Text by Areti Leopoulou 
Kalfayan Galleries Athens-Thessaloniki

The idea

A thread has the ability to connect and hold together other objects; it is located always “somewhere in between” as a binder and it doesn’t seem to have an independent entity. Functioning as a literal and metaphorical bridge, it may simultaneously consolidate, yet also separate. Whether the thread is approached as an object of knitting or as an allegorical reference in life and in psychoanalysis (e.g. the “life thread”, or the “Ariadne’s Thread” -the mythological abolition of the human sacrifice custom in the ancient world), it is undoubtedly a term that is present to numerous situations of life over time, but customary used in the frame of weaving, knitting and embroidery. Mathematics also find meaning through threads[i]; people look at their lives on the edge of the thread; even computer programming is based on the thread as a process. Furthermore, if viewed as the product of an industry that has supported tremendously the Greek economy, during the 20th century, then one easily perceives that it does carry a memory with countless cultural and social aspects[ii].
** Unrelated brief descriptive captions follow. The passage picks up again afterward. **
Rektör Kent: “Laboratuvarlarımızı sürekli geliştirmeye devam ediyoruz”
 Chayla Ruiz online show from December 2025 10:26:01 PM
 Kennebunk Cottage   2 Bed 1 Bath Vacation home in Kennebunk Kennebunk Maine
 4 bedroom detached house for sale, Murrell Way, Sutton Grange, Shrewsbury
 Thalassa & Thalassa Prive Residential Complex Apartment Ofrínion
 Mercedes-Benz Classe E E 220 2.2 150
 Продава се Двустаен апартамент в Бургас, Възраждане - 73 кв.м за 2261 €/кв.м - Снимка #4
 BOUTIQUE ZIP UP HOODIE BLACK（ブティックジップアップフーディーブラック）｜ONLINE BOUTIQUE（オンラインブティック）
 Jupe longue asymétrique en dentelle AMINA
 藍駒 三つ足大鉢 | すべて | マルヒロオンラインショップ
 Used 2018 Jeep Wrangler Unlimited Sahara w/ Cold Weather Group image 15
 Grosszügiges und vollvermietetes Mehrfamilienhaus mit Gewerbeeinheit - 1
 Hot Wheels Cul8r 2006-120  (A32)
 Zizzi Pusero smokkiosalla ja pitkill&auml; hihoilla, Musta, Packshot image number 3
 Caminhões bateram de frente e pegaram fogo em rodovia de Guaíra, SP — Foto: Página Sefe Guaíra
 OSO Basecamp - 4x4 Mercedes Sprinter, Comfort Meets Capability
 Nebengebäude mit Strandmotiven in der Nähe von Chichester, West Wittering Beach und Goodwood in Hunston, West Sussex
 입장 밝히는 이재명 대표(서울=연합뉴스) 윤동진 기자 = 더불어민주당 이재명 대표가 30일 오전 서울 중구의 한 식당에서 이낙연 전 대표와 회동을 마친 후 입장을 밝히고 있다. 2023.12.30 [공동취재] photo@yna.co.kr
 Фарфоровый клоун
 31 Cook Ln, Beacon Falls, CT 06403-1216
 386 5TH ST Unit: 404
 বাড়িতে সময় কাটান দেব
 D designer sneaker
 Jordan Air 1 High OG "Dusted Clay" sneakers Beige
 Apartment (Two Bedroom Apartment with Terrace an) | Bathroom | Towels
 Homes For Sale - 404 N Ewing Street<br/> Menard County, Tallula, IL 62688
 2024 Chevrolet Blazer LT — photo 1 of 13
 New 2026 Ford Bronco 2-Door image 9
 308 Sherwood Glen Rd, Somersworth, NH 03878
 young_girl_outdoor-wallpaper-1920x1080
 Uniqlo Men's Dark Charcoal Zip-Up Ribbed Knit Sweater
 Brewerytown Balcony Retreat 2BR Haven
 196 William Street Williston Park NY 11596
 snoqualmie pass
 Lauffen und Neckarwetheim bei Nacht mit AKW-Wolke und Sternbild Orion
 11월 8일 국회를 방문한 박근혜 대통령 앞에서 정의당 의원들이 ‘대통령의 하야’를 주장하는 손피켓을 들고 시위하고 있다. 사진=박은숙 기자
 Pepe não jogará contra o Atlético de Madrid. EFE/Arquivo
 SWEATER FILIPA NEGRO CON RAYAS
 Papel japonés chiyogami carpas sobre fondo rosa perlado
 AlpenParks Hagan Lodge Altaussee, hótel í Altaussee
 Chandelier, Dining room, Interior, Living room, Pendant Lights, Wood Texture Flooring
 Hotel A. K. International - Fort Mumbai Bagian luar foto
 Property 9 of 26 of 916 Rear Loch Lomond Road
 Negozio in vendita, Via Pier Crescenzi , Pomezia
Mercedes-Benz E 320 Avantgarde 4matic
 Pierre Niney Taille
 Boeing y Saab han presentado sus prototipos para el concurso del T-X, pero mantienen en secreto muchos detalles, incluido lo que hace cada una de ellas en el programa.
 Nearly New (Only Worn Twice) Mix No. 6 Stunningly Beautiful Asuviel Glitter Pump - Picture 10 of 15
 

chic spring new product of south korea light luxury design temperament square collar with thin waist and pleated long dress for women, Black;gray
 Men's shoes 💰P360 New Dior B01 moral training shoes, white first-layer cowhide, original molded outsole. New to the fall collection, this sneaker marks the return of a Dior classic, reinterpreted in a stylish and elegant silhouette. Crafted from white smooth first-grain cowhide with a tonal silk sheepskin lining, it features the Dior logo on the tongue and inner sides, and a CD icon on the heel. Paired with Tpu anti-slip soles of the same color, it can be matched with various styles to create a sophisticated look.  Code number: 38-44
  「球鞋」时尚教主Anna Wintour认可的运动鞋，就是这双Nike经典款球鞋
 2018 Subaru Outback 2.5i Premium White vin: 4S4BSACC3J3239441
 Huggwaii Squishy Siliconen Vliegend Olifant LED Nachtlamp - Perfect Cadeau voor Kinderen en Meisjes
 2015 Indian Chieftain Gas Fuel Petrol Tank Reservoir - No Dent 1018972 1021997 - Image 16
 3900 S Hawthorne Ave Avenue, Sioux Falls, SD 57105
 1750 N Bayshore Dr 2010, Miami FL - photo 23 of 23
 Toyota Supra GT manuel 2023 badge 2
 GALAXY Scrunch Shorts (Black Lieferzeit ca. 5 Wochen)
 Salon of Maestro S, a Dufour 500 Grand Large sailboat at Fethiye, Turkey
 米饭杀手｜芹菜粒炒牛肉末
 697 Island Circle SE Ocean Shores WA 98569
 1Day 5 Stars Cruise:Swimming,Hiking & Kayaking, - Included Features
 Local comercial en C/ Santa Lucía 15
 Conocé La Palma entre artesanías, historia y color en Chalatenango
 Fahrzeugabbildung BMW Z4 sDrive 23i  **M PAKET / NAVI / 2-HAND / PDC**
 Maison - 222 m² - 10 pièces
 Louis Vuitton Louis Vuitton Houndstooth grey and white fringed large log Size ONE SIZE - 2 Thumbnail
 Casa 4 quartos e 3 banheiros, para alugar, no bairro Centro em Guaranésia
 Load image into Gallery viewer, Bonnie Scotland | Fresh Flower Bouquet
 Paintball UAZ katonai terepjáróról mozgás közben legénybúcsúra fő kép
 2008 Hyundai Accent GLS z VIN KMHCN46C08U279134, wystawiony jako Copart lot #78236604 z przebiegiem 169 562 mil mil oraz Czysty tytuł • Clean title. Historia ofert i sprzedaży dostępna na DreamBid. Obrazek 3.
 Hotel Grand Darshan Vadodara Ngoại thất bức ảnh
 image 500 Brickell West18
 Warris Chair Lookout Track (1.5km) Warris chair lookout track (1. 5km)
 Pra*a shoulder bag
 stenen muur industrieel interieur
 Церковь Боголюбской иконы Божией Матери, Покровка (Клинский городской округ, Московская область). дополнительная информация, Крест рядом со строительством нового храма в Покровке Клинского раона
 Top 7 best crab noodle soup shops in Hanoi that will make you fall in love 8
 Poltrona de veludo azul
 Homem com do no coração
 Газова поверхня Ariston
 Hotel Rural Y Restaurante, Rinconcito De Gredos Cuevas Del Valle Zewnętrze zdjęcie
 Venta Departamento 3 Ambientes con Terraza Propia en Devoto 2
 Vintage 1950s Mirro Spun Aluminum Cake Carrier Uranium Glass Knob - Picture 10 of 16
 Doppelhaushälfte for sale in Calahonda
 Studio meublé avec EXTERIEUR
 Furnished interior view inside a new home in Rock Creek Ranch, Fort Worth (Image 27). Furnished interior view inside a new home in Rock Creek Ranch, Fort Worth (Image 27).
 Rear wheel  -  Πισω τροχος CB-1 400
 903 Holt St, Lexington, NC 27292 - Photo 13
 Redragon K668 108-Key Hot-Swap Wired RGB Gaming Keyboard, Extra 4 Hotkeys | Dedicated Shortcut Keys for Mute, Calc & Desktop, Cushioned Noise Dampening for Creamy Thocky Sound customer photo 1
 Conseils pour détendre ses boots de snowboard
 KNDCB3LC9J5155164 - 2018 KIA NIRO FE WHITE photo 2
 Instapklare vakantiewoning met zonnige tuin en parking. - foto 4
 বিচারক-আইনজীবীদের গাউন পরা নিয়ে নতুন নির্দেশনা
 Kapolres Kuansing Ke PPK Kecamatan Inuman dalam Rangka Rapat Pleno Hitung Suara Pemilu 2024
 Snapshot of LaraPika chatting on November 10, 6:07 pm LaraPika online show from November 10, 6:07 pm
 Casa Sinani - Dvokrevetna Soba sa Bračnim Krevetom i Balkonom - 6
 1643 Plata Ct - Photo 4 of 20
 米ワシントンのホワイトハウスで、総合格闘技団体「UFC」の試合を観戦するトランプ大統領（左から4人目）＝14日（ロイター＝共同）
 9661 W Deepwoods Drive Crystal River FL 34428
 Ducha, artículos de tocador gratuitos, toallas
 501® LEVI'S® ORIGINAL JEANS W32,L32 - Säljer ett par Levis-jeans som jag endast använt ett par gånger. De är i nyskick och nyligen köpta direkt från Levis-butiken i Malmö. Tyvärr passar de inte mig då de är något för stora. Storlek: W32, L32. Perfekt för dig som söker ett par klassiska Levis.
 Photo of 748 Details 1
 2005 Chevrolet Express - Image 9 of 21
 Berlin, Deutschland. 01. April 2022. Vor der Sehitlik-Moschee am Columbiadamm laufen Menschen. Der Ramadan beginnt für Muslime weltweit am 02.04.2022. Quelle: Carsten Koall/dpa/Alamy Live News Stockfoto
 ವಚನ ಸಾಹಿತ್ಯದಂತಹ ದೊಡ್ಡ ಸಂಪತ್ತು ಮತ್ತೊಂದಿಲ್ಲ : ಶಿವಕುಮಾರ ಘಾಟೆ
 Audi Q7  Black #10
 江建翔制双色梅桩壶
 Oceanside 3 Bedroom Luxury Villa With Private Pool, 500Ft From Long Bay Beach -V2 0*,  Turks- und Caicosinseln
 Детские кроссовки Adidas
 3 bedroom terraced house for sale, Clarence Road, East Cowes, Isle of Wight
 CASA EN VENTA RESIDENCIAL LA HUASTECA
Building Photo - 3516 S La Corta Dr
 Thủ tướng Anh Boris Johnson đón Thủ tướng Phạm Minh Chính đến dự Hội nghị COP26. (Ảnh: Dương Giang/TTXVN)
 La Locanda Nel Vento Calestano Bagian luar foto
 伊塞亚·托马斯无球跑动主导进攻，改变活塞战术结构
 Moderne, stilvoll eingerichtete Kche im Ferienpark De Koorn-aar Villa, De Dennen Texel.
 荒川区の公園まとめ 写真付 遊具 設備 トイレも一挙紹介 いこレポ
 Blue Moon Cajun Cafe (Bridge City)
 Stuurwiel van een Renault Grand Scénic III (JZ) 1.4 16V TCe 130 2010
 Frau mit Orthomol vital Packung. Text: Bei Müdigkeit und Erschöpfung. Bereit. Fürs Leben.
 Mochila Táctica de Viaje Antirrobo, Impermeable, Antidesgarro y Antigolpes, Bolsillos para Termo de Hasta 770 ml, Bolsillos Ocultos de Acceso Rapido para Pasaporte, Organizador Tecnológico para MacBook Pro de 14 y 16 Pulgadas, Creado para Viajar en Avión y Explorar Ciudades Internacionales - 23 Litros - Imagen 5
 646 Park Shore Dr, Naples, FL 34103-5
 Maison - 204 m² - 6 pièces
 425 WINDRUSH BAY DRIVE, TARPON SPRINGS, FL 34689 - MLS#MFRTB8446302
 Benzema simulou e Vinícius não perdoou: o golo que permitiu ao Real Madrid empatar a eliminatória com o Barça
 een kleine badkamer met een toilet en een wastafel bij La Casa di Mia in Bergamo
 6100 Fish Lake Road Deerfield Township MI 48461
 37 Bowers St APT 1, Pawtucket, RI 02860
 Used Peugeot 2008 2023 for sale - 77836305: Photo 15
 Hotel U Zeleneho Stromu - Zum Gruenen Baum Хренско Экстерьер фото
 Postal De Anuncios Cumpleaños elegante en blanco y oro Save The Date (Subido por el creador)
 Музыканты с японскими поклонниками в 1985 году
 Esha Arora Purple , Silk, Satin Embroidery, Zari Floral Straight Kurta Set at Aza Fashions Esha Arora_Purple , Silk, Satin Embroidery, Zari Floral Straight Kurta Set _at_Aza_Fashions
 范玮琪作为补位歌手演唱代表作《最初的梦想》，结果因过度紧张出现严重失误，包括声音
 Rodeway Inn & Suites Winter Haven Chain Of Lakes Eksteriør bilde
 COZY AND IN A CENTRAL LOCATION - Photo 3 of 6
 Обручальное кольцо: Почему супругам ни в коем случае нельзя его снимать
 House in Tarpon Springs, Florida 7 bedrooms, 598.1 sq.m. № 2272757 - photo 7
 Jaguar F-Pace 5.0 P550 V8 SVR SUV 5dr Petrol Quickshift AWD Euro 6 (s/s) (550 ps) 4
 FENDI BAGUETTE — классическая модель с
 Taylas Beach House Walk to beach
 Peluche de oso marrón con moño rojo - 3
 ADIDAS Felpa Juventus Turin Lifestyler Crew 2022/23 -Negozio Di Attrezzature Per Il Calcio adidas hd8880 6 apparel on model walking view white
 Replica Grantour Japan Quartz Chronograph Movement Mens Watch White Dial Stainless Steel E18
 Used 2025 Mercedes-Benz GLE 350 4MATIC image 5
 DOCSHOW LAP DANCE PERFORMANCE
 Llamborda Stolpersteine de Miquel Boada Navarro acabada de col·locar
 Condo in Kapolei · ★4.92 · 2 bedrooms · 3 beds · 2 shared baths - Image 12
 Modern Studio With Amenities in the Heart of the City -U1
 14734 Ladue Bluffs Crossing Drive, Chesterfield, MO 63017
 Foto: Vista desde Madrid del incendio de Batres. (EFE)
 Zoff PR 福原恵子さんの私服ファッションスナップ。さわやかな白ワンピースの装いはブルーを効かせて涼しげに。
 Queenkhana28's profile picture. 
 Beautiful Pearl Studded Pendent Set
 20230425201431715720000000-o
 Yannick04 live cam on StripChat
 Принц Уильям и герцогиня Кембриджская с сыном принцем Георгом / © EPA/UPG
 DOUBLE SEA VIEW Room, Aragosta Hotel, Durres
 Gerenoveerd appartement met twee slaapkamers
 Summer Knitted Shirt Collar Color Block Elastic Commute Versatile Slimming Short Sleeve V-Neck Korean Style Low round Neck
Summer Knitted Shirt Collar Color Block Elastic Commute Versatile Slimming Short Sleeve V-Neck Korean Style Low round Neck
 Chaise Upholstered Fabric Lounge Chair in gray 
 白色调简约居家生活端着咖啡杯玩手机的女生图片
The scenario of this exhibition is based on the above thoughts and its aim is to meet a variety of thread management cases: all projects are clear attempts to use the thread as a bridge structure for visual and conceptual research, by both anonymous craftsmen of previous centuries, by tapestry experts of the 60s and 70s, as well as young contemporary artists, following different applied appropriations and conceptual interpretations of thread’s multiple significance and history[iii].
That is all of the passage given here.